My brother is, and was, and amazing human being. A talented musician, he’s started playing guitar when he was 8 and by the time he was 18 had taught himself bass, drums, vocals and had learned recording skills. A self taught one-man band, he once spent all of Christmas Eve in his bedroom mixing a song we’d improvised on our summer vacation, somewhere on the train between the Burg Elz and Bellagio in what would turn out to be our only trip to Europe together.
If I could describe my brother in one word it would be sensitive. His sensitivity made him a brilliant poet and musician, and left him vulnerable to the seductions of substances. As far as I know, he started smoking in high school and, within a few years of jamming in dark studios in San Francisco late into the night, tried and became addicted to, heroin.
It’s a whirlwind once these things begin. The whole family gets pulled into crisis mode and no one knows how or why or what to do. Instantly, everyone is desperate to help, to heal, to interrupt the cycle of addiction and to bring the beloved brother and son back to his real self. The self seems lost to a dragon of need, of hopelessness, of pain. After years of recovery programs, my dear older brother came back to life and back to himself. Thank God.
It was three years later and just a few months after celebrating his third year of sobriety outside the Berg Elz castle in Germany, that I got the call I’d hoped never to get. He was gone, and I was shattered. I flew home, sobbed next to his casket, held the box of his ashes in my hands and designed a commemorative tattoo I’d soon have carved into my back. I pulled it together and lost it countless times over again. If life had been a puzzle, I felt each of the pieces had been soaked and torn, and I’d need to make some kind of impressionist creation of the mess, as the original form and structure of the picture was beyond recognition.
One year after his death I collapsed onto the floor sobbing, not wanting my entire life to be about my dead brother. It isn’t now. But I don’t know who, what, or where I would be without him, his life and his death.

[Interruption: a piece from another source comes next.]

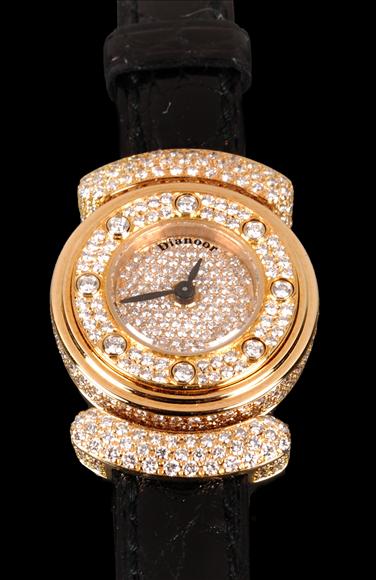 Appraisal: Dianoor Chameleon V a lady's carat gold diamond wristwatch no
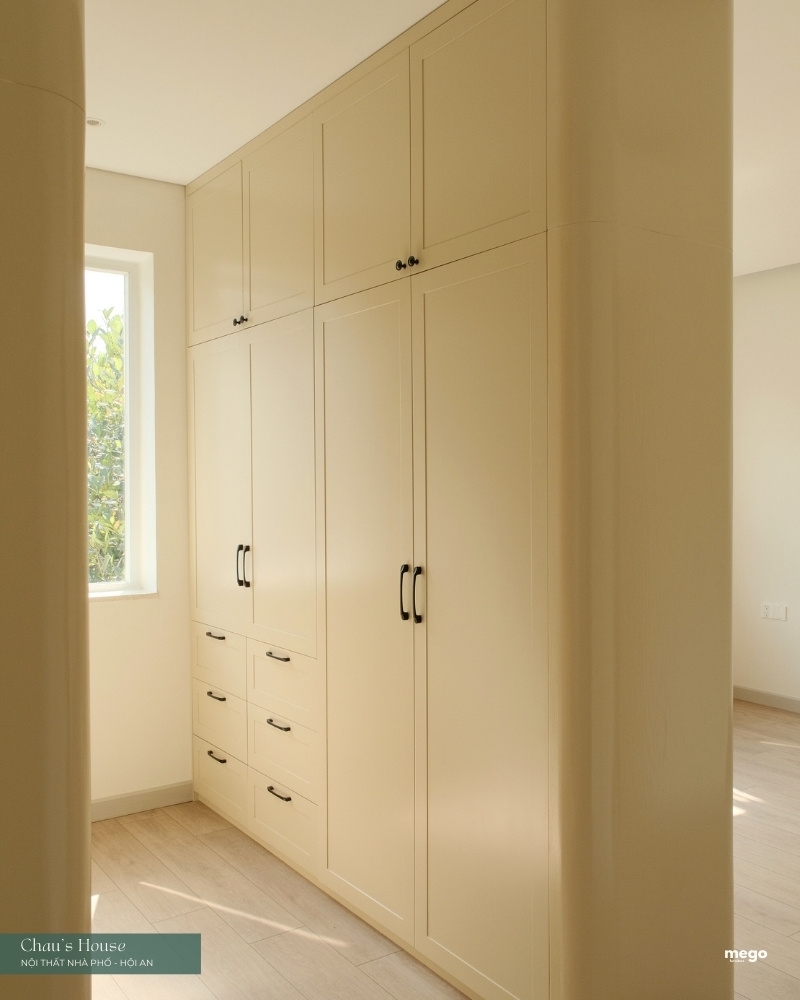 Hệ tủ kịch trần-1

Today, I work as psychotherapist. I teach yoga. Everything I do is about healing. Sure, I could have gone that route without this experience, but the depth and healing that came through my yoga practice and through my own counseling after Matt died give me an insight into the healing process that I would never have signed up for willingly. The gift of the suffering is empathy. I know what it feels like to lose. I know what it feels like to hurt and to grieve, and for life to NOT go the way that you want it to and think it will. I have experienced the shock and the loss, and now, 12 years later, I know how I react to the unfathomable. I know that I can (and I did) make it through, and that my heart being ripped open offered me the opportunity to share a deep sense of empathy, compassion and sisterhood with those who are from way beyond my bloodlines. On the heels of this experience I worked with some of the most profoundly traumatized groups of people – in housing developments, refugee camps, slums, prisons, juvenile halls, and rehabilitative schools. I looked into the eyes of those who were hurting and I could stay with them, because, in my own way, I was hurting too.
I once wrote a poem about my brother for an assignment in school. It was short, not much more than a haiku. Through my tears I looked down at the page and saw that I’d spelled the final line, the very last word, incorrectly. I’d written: Heroine.
But then, I thought, I like that ending better. I think my brother would have too.